[Work item] Scan the entries below for the word "фото" and copy every line where it turns up.

(Excerpts from a dataset)
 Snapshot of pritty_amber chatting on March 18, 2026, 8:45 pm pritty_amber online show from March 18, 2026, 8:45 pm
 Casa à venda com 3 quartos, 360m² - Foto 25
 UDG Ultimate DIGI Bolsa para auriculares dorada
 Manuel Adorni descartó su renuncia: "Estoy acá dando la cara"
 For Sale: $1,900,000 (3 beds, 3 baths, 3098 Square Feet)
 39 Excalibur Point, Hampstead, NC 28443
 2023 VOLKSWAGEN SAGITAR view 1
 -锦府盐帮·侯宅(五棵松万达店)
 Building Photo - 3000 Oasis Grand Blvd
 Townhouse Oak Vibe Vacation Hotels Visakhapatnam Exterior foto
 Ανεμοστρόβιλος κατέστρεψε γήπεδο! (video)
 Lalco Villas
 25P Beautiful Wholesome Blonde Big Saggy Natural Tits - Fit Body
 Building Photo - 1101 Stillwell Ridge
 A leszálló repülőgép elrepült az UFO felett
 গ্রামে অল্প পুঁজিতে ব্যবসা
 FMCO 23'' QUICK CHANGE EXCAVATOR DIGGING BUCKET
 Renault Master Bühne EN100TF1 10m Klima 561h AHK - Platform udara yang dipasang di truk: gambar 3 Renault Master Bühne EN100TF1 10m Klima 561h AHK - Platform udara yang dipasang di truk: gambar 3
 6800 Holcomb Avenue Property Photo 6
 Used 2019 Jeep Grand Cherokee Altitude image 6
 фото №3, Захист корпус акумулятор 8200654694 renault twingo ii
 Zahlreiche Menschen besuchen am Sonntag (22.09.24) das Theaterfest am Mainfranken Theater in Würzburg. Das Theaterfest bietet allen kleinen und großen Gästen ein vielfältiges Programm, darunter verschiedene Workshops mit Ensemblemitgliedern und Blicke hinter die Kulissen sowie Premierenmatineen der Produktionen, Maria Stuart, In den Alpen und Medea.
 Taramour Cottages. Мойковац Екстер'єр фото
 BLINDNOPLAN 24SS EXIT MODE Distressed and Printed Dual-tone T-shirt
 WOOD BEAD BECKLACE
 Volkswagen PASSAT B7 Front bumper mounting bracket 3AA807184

[Problem solution]
 фото №3, Захист корпус акумулятор 8200654694 renault twingo ii
 Taramour Cottages. Мойковац Екстер'єр фото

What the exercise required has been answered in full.